“We’ll take lunch out, I suppose, Dad?”
“Yes, I sent Brownie a message some time ago,” said his father. “You’ll have to run up the horses after breakfast, Jim, and when you’ve caught ours turn the others out into the big paddock.”
Jim glanced up inquiringly. It was an unusual command.
“I wouldn’t trust that beggar, Harvey,” his father said, answering the glance. “If the horses were close at hand the temptation to borrow one to get as far as Cunjee might be too strong; but he couldn’t catch one in the big paddock. It won’t take long to put them back when we come in.”
“You’re not going to send him in to the township then?”
“I’m not,” said Mr. Linton, firmly. “He came carrying his swag, and he can carry it away—after the flood of bad language and insolence I had from him this morning, I really don’t feel any obligation to have him driven in.
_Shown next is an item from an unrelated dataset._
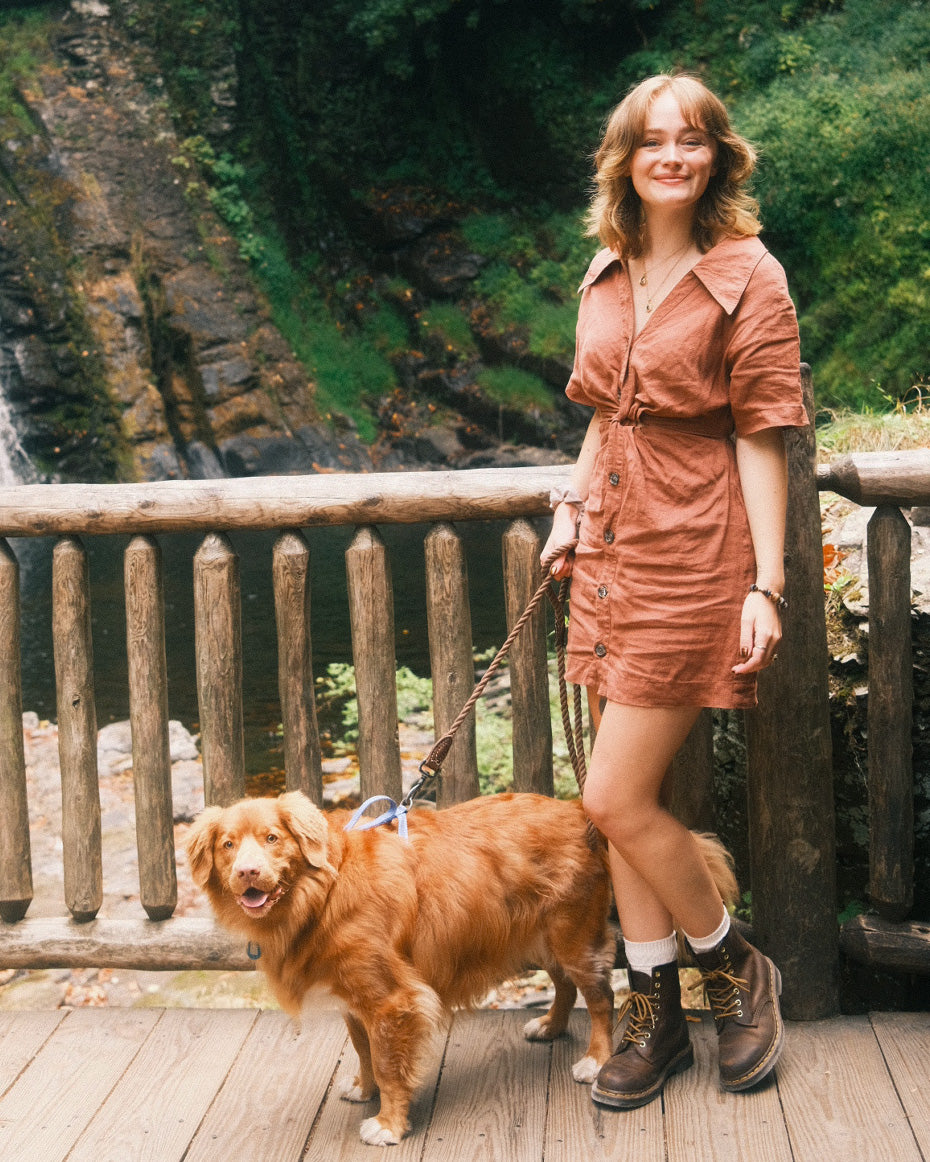 artist abi toads smiling in the woods with her dog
The walk may give him time to get a little sense—not that you could put sense into a man of the Harvey type by any known means.”
“Well, it won’t hurt him—and I don’t see who would have driven him, anyhow,” Jim said. “Are you letting him have any tucker?”
“Oh, yes; I said he could get some from the kitchen.”
“Then he’s got nothing to grumble at,” Jim declared. “Not that that is in the least likely to keep him from grumbling. I expect it wouldn’t be a bad precaution to lock up pretty carefully at the stables, Dad.”
“Certainly, lock up everything,” his father answered. “I’d have been glad to see him fairly off the place, as Murty and Boone are away—still Hogg and Lee Wing are about, so there’s really no need—and we can’t afford the time.”